Я задала ей вопрос о двух тетрадках странного вида – с вырванными наполовину или на две трети листами. Она ответила: «Это ранние редакции „Мастера“». И стала рассказывать, как Булгаков диктовал ей на машинку письмо правительству; он видел в нем последний шаг перед возможным самоубийством – в том случае, если на письмо не ответит никто из семи адресатов.
«Продиктовав строки „я сжег свой роман…“ (или, как в тексте письма, „я бросил в печку“. – М. Ч.), он остановился и сказал: „Ну, раз это уже написано – это должно быть и сделано“. В комнате пылала большая круглая печка. Он стал тут же выдирать страницы и бросать их в печь» (наша запись, сделанная по памяти тем же вечером).

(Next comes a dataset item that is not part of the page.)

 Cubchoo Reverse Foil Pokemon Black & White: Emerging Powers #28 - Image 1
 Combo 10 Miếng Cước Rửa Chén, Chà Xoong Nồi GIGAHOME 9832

Отвечая на мой вопрос о странном виде тетрадок, Е. С. пояснила, что тогда же спросила Булгакова: почему он не сжигает все, оставляет часть страниц у корешка?.. Он ответил: «Но если я сожгу все – мне никто не поверит, что роман был».
Этот устный рассказ – единственный источник сведений об истории двух тетрадей (сохранилось еще несколько отдельных обрывков из третьей тетради). Мне казалось важным зафиксировать его в печати. Сделать это в советское время было почти невозможно. Подобно тому как советский журнал не мог печатать сочинение под названием «Записки покойника», так у советского писателя не могло быть причин сжигать свои рукописи… Я писала, что сожжение было литературным жестом: Булгаков «танцевал от печки Гоголя», передавая впоследствии этот важный для него жест своему герою Мастеру. Из-за этого издательство выкидывало мою статью «Булгаков и Гоголь», целиком, из посвященного Гоголю сборника, ощущая ее «опасность»; я впихивала ее обратно, имитируя сокращение.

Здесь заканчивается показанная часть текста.